A peruana, que já se considera brusquense, começou a levar cestas básicas na Páscoa, no Dia das Crianças e no Natal às crianças que viviam em locais mais pobres da cidade e da região. Ela, juntamente com seu esposo, o pintor Alcione Zeverino, de 43 anos, e com outros moradores do município, realizava um Dia de Lazer com cachorro-quente, suco, cestas de chocolate e cama elástica. Uma destas ações ocorreu no bairro Águas Negras, em Botuverá. No evento, ela se vestiu de palhacinha e o marido de sombra. “Meu coração dizia que temos que procurar as pessoas, ir atrás delas, saber o que se passa e poder oferecer um pouco de alegria”, diz a voluntária.

Corrente do bem

A sensibilidade de Eliane é tão grande que ela buscou por meio de um perfil na rede social Facebook – Palhacinha Pimentinha – mobilizar outras pessoas para ajudar. A ideia surgiu pois ela, sozinha, não conseguia mantimentos para distribuir à  comunidade. Atualmente, ela está desempregada e viu no canal uma possibilidade de continuar ajudando. Há cerca de quatro meses, a voluntária iniciou outra ação: a de levar sopa, macarrão e café quente aos moradores de rua. “As pessoas estavam passando frio e eu não estava fazendo nada. Então pedi ajuda no perfil e recebi macarrão, frango, legumes de todos os tipos e comecei a fazer a sopa”.

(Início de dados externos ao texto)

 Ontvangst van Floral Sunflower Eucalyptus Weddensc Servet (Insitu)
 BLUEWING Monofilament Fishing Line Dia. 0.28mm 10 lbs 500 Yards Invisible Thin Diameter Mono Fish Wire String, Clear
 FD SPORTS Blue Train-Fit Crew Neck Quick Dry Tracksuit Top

Geralmente, ela distribui 40 marmitas nas ruas do Nova Brasília, do Santa Terezinha, do Centro e, ainda, leva para o grupo de missão urbana Terremoto Move Alicerces Portas e Prisões (TMAPP). “Às cinco horas eu começava a preparar a sopa. Eu não sabia o que ia encontrar. À noite fazia uma oração e saia com a cara e com a coragem pedindo que Deus colocasse pessoas para que pudéssemos ajudar”.

Eliane recorda que não sabia como chegar nos moradores e que tinha um certo receio. No entanto, aos poucos, o medo perdeu espaço para a amizade e o carinho. “Eles ficavam ressabiados no primeiro instante, mas depois já estavam nos contando histórias. É preciso tão pouco. Muitos deles não querem nem a marmita, mas querem conversar, ganhar um abraço”.

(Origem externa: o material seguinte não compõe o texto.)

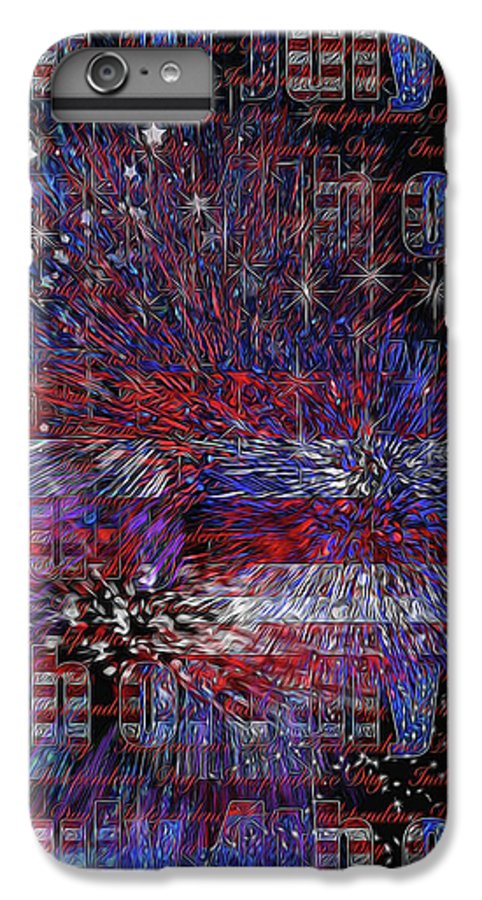 4th of July Poster - Phone Case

A peruana recorda que já passou fome e frio e que por isso sabe a importância de enxergar o outro e de ser mais solidário. Ela acredita que se cada cidadão colaborasse com R$ 1 poderia-se construir um galpão e reunir mais voluntários para ajudar as pessoas mais carentes. Além disso, Eliane acha que poderia ser feito sopão todos os dias. “Não precisa ser rico e nem pobre, basta ter vontade de ajudar o próximo. A fome e o frio não é um dia, ou dois”, diz.

A voluntária ainda afirma que pede que Deus continue colocando pessoas bondosas no seu caminho, para que juntos possam fazer a diferença na vida dos mais carentes. “Ajudar sem olhar a quem é o que sempre digo. O que a mão direita faz a esquerda não precisa saber. Que tenhamos mais amor no coração e que saibamos olhar para quem está ao nosso lado”, diz.

A esteticista Claudete Zanon Rudolf, de 41 anos, ajuda Eliane há cerca de dois anos. Ela conta que ficou sabendo do trabalho por meio do Facebook e que desde então tem colaborado com alimentos. “O que ela faz é um trabalho maravilhoso. Mais pessoas deveriam fazer. Como eu não tenho disponibilidade em fazer a sopa ou ir nos lugares, fico feliz em poder contribuir”, afirma.